▶ **SOURCE DATA**:
*** Begin section ***
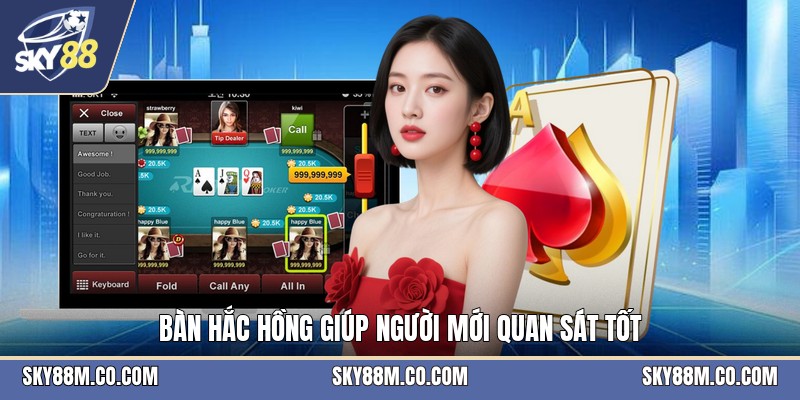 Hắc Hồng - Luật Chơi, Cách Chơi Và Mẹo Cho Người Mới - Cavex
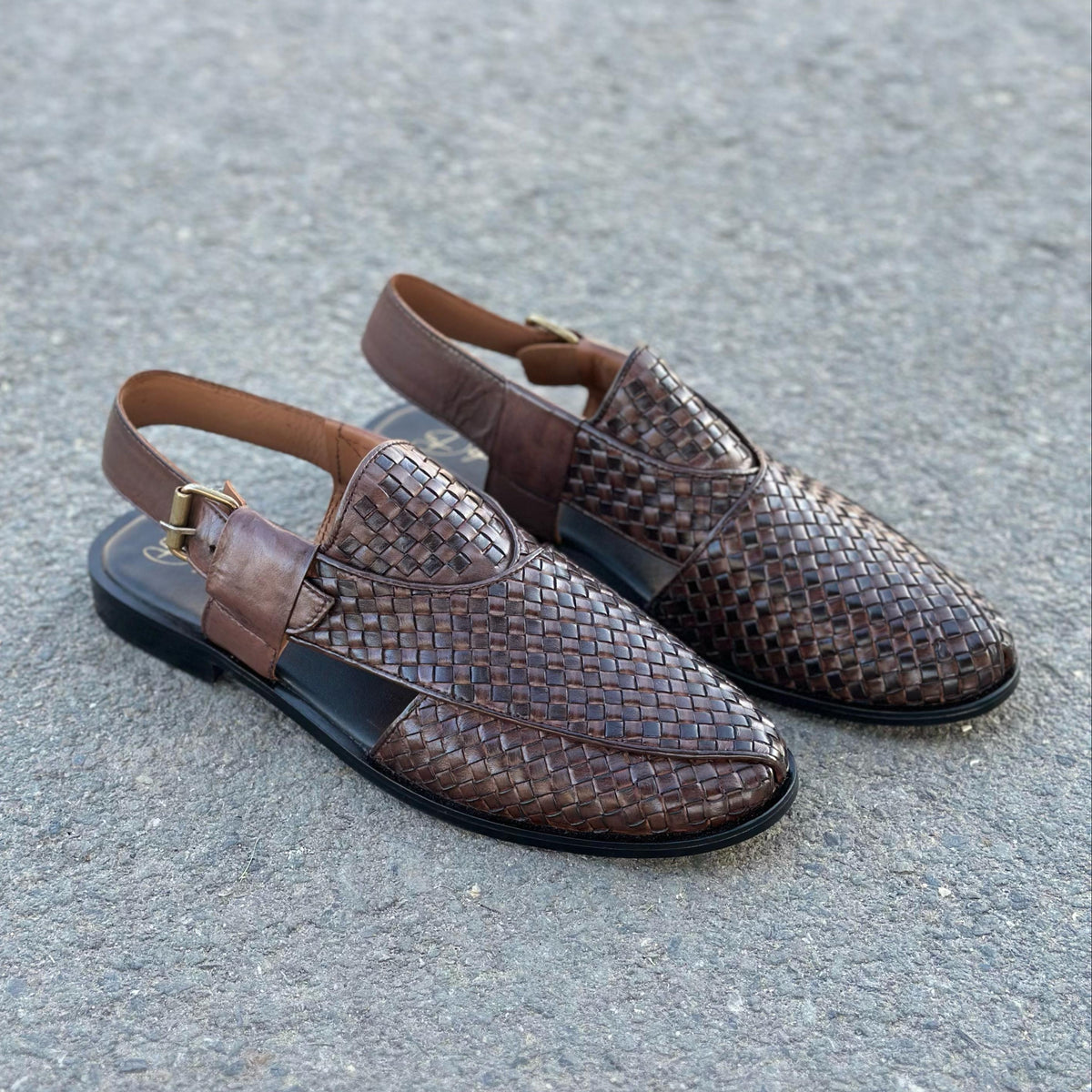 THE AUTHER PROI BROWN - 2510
*** End section ***
*** Begin section ***
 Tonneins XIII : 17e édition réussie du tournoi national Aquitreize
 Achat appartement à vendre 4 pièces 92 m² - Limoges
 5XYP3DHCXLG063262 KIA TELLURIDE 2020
*** End section ***
▶ **EXERCISE BRIEF**: Look above for the line with "Hắc Hồng - Luật" and the line with "THE AUTHER PROI BROWN - 2510", then restate exactly those two lines and all lines between them, with no pictures.

▶ **FINAL ANSWER**:
 Hắc Hồng - Luật Chơi, Cách Chơi Và Mẹo Cho Người Mới - Cavex
 THE AUTHER PROI BROWN - 2510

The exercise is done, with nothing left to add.